At the beginning of the American Civil War in 1861, Parker joined the Home Guard and became a first lieutenant for Company C, 6th Missouri Militia. After several months, Parker transferred from state to federal service and became part of Company H, 32nd Missouri Volunteer Infantry where he served under General William T. Sherman. During the war he saw action during the Battle of Arkansas Post, the Siege of Vicksburg, the Chattanooga campaign, and the Atlanta campaign. Despite participating in multiple battles, Parker was not wounded during the war. Following the capture of Atlanta, Parker's regiment began mustering out excess officers. He was promoted to captain in July 1864 and discharge from the Union Army before the end of the year.

Parker married Susan F. Herrick of Missouri in January 1865. The union produced a daughter and three sons: Angie Belle, Earl H., Henry Clay, and James A.

Following his wedding, Parker worked as a farmer and in a store before being elected register of deeds for Pike county and serving as a clerk for the district court. After four years working in government he became a railroad contractor, first for the Chicago & Alton Railroad and then the St. Louis, Hannibal & Keokuk. During this time he also studied surveying. In 1884, Parker moved to Devils Lake, North Dakota, where he engaged in farming and ranching. Parker served as a county court clerk and was appointed to a commission that organized Towner county, including selection of the county seat and construction of the county court house.

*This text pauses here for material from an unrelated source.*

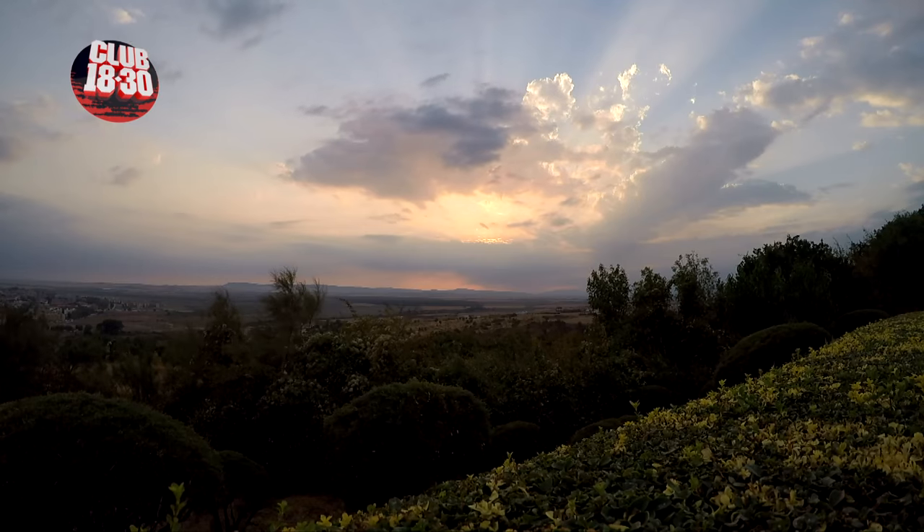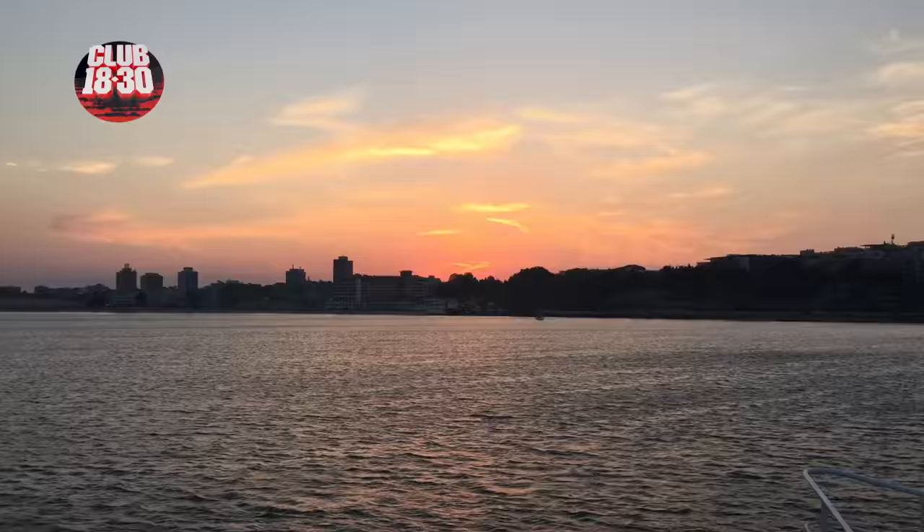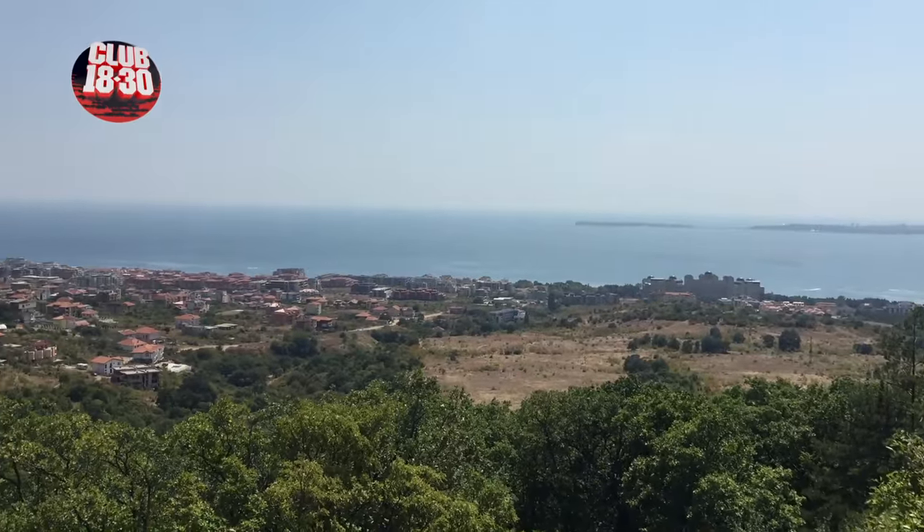First up, you've got to set the scene. Get those phones out and shoot some awesome shots of the resort. Use a tripod or make sure you balance your phone.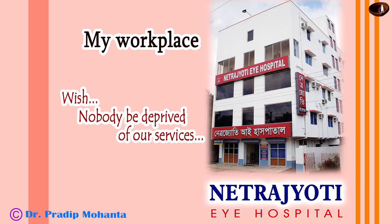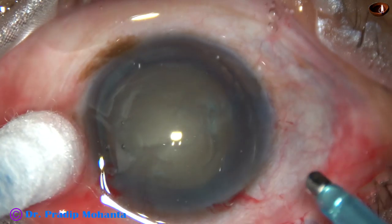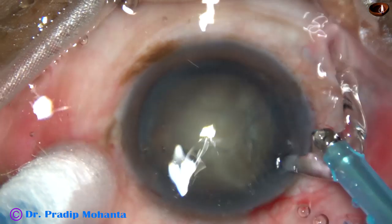Friends, welcome to my workplace at Ranaghat, West Bengal, India. In this video, I am going to demonstrate two cases of nucleus management by divide and conquer technique.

Parker became a contractor for the South Gila canal in Yuma County, Arizona Territory, in 1888. In April the next year he moved to Phoenix where he would make his home for the rest of his life. Parker worked as a mining and civil engineer and specialized in irrigation projects. He promoted the Rio Verde canal and performed surveying work for the project. Parker was president of both the Rio Verde Canal Company and the Arizona Copper Mountain Mining Company, which operated mines in the New River mining district.

Politically, Parker was a member of the Democratic party. He was elected to represent Maricopa county during the 19th Arizona Territorial Legislature. During the session, he was an advocate of the bill funding construction of a capitol building. He won a second term during the election of 1900. The 1901 session of the legislature was the first to utilize the new capital building and Parker was selected to be Speaker of the House for the session. During the terms of Governors Franklin and McCord, Parker served as an aide-de-camp at the rank of lieutenant colonel. He was also a member of the Democratic territorial central committee. Socially, Parker was a 32° Mason as well as a member of the Knights Templar and Nobles of the Mystic Shrine. Other memberships included the Grand Army of the Republic, Sons of the American Revolution, and the Arizona Society of Civil Engineers.

Parker's wife, Susan, died on June 12, 1911. Parker died on March 16, 1918. He was buried in Phoenix's Greenwood memorial Cemetery.